Unless, you familiar with the seller, I suspect if its a clean as you say inside the right tranny and you did not find any of the four teeth, it was reassembled the way you found it. You should be able to tell, if it matches the other drive gears in colour and texture or has been thrown in to sell. My experience, but not the hundreds like you have serviced, tells me the bearings and bushing usually fail, causing the gear wink to open up to allow things to start jumping teeth....just my 3 cents.....

Unless the wrong gear or gears were used....


----------



## orangputeh (Nov 24, 2016)

contender said:


> Unless, you familiar with the seller, I suspect if its a clean as you say inside the right tranny and you did not find any of the four teeth, it was reassembled the way you found it. You should be able to tell, if it matches the other drive gears in colour and texture or has been thrown in to sell. My experience, but not the hundreds like you have serviced, tells me the bearings and bushing usually fail, causing the gear wink to open up to allow things to start jumping teeth....just my 3 cents.....
> 
> Unless the wrong gear or gears were used....


i understand what you are saying . the bearings are all in new condition. I found 3 of the 4 teeth. the bushing was slightly malformed. that may be something. I have serviced many Hondas but this is only my 5th right side tranny/repair.

I did find that this outside pin was missing. this the the pin that stops the bearing on the side plate. wondering if that could cause enough axle play to cause a problem. the plate was tight as well as the pedal.
It just seems like this was just done as everything came apart real easy. All the bolts / nuts / threads were clean.

the second picture shows the other side and pin that stops the bearing/plate for reference.


----------



## contender (Jan 18, 2018)

First off, I personally don't try to service the right transmission without removing the right hand black side plate so I can pull the drive shaft clear of the rest of the machine. 

I would start by taking the first 3 digits of the S/N and confirm you have the correct gears in there, ie the final big one, 48T or 38T. 

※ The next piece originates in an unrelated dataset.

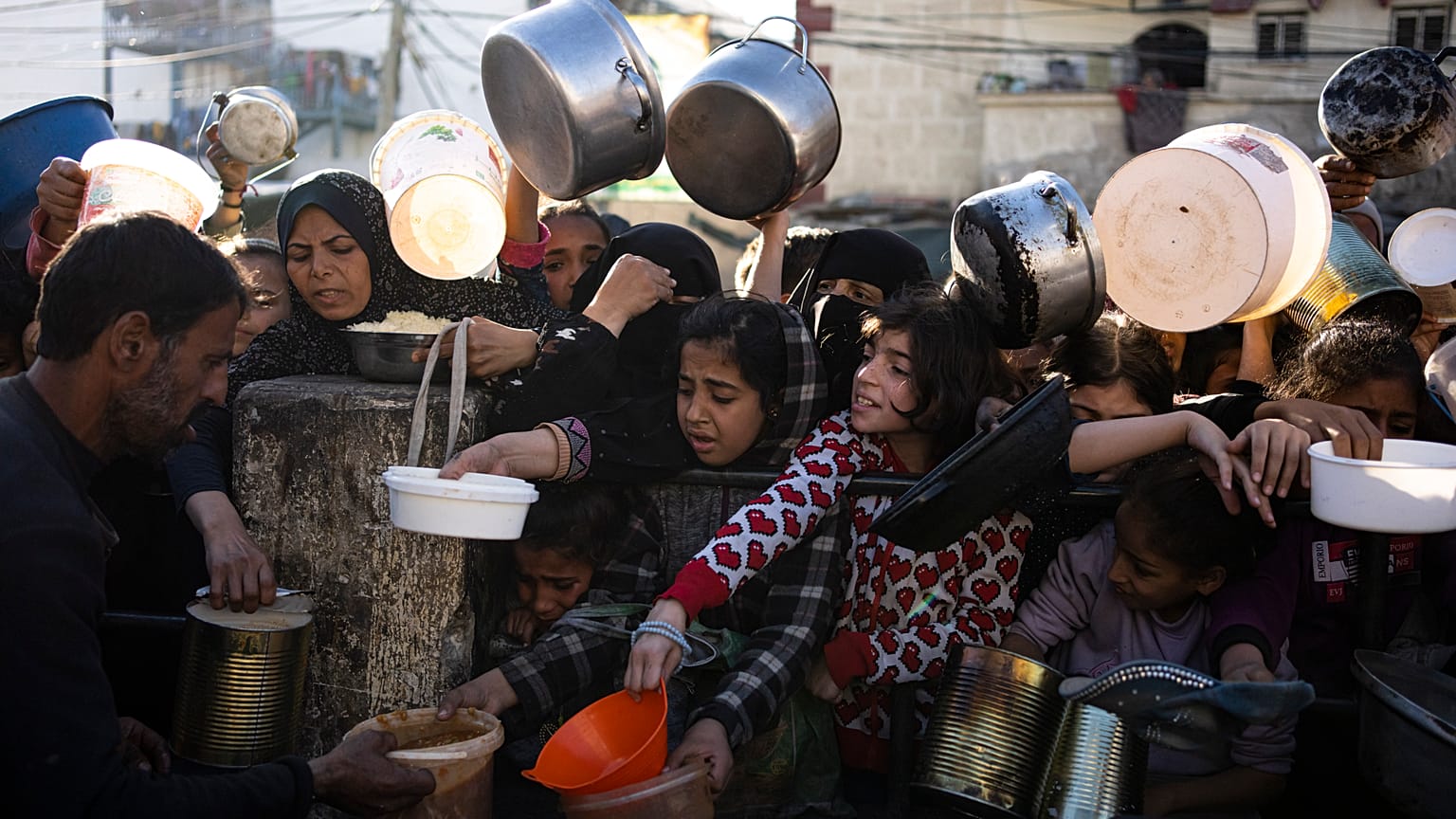 فلسطينيون يتجمعون للحصول على حصتهم من الطعام في رفح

My experience is if the shaft can move sideways it takes the pin out or just doesn't try to drive. Just my 3 cents

Has the famous shaft pin been replaced?? One side appears longer than the other as if someone has drill the shaft and replaced the pin with a cutoff drill bit or something. As well the pin ends are normally rounded off, not cut square as those appear to be....


----------



## orangputeh (Nov 24, 2016)

contender said:


> First off, I personally don't try to service the right transmission without removing the right hand black side plate so I can pull the drive shaft clear of the rest of the machine.
> 
> I would start by taking the first 3 digits of the S/N and confirm you have the correct gears in there, ie the final big one, 48T or 38T.
> 
> ...


ok. good tip. i'll check the serial number and make sure i have the right gears . the broke gear is 48T . The inside pin looks normal to me. I'll have to clean up everything better.


----------



## contender (Jan 18, 2018)

OK, guess I am misseeing, but your pin in your picture appears to be different lengths on one side than the other as well as having squarer shoulders on the ends of the drive pin. Why is the shaft so black around the pin, does it show signs of being heated??

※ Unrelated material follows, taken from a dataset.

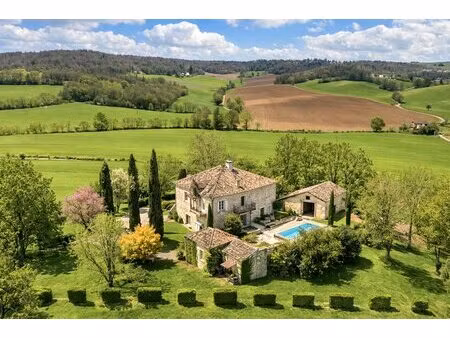 maison de campagne avec piscine et dépendances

Here is a brand new original shaft for a HS928 after frame serial 1120842, notice the rounded pin ends....I have never seen a original Honda shaft that doesn't look like that, unless of coarse its broken.....P/N 23370-767-020.
Maybe Honda ships different shafts, north of the border??

How many teeth does the matching gear have??


----------



## orangputeh (Nov 24, 2016)

contender said:


> OK, guess I am misseeing, but your pin in your picture appears to be different lengths on one side than the other as well as having squarer shoulders on the ends of the drive pin. Why is the shaft so black around the pin, does it show signs of being heated??
> 
> Here is a brand new original shaft for a HS928 after frame serial 1120842, notice the rounded pin ends....I have never seen a original Honda shaft that doesn't look like that, unless of coarse its broken.....P/N 23370-767-020.
> Maybe Honda ships different shafts, north of the border??
> ...


Man, you have some eagle eyes. I looked at the axle and no hole was drilled but the pin is longer coming out one side than the other.( by about 1mm or so) I have that same axle as you from boats.net.( in bag ) same number . it is tapered also but the other right side trannies I have done all had squarish heads like this 928.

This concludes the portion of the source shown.